(Brief descriptive captions)
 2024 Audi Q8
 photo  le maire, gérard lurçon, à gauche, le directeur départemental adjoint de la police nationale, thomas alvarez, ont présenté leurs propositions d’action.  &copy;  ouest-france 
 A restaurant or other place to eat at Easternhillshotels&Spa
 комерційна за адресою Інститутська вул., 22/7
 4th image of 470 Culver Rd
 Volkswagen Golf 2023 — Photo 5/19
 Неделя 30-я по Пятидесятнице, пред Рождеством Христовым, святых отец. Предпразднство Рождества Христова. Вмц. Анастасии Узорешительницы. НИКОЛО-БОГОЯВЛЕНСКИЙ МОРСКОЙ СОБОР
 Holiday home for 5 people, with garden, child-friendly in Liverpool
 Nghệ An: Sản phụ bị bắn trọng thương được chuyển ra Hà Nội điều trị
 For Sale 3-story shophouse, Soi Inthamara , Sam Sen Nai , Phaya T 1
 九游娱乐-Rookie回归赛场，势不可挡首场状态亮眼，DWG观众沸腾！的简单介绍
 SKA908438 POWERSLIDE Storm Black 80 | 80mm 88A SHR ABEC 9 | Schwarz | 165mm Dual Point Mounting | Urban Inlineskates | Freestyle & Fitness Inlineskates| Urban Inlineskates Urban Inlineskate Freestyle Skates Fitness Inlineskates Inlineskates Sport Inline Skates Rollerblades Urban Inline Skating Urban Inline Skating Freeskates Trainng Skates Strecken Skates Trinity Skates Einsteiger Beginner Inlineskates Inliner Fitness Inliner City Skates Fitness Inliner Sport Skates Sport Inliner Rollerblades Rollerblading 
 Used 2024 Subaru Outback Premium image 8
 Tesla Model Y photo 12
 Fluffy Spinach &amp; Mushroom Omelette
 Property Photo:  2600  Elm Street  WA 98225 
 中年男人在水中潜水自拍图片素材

Exercise requirements: Looking at the entries above, can you reproduce exactly the lines from the one that holds "комерційна за адресою" through the one that holds "Неделя 30-я по", and only those?

Answer to this problem:
 комерційна за адресою Інститутська вул., 22/7
 4th image of 470 Culver Rd
 Volkswagen Golf 2023 — Photo 5/19
 Неделя 30-я по Пятидесятнице, пред Рождеством Христовым, святых отец. Предпразднство Рождества Христова. Вмц. Анастасии Узорешительницы. НИКОЛО-БОГОЯВЛЕНСКИЙ МОРСКОЙ СОБОР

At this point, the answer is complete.